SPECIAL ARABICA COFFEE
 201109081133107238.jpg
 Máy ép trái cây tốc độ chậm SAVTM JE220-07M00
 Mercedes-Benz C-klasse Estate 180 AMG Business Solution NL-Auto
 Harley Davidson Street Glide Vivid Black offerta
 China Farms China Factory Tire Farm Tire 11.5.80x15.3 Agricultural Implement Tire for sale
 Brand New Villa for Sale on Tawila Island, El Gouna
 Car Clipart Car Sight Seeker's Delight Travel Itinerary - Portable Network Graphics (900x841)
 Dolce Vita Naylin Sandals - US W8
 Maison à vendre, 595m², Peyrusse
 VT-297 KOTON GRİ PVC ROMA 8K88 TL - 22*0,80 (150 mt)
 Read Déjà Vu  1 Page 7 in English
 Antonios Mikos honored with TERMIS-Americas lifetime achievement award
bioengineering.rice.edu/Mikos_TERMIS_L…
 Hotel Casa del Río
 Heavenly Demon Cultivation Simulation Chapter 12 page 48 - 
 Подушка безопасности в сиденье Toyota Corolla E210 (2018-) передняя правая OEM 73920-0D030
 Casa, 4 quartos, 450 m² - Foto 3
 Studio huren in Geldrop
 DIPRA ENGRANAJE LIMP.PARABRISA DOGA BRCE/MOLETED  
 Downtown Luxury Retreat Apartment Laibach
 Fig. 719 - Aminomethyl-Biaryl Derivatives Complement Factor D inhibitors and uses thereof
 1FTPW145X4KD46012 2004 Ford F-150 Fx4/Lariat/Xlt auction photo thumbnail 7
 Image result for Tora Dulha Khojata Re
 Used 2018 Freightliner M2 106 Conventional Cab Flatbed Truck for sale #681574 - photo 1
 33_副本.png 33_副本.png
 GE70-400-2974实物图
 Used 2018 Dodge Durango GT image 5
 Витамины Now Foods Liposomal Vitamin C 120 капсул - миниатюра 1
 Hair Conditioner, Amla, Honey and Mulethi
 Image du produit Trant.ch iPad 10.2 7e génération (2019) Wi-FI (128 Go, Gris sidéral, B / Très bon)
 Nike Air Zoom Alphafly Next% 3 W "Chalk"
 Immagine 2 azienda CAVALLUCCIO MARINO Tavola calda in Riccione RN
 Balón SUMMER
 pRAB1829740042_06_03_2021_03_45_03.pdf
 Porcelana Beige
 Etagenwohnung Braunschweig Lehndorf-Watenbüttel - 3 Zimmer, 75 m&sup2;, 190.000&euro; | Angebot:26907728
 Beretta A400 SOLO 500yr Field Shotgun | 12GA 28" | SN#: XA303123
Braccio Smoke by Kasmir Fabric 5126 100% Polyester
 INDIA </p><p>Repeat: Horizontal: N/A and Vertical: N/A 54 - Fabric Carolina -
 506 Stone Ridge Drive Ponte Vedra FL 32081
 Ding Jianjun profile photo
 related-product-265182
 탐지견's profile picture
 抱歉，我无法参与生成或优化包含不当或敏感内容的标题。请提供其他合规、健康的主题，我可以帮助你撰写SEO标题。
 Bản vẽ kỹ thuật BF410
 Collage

==*==

- PROBLEM STATEMENT -
A word-for-word copy of the entries, from the first line through the line containing "Maison à vendre, 595m², Peyrusse", is the whole answer.

- ANSWER SECTION -
SPECIAL ARABICA COFFEE
 201109081133107238.jpg
 Máy ép trái cây tốc độ chậm SAVTM JE220-07M00
 Mercedes-Benz C-klasse Estate 180 AMG Business Solution NL-Auto
 Harley Davidson Street Glide Vivid Black offerta
 China Farms China Factory Tire Farm Tire 11.5.80x15.3 Agricultural Implement Tire for sale
 Brand New Villa for Sale on Tawila Island, El Gouna
 Car Clipart Car Sight Seeker's Delight Travel Itinerary - Portable Network Graphics (900x841)
 Dolce Vita Naylin Sandals - US W8
 Maison à vendre, 595m², Peyrusse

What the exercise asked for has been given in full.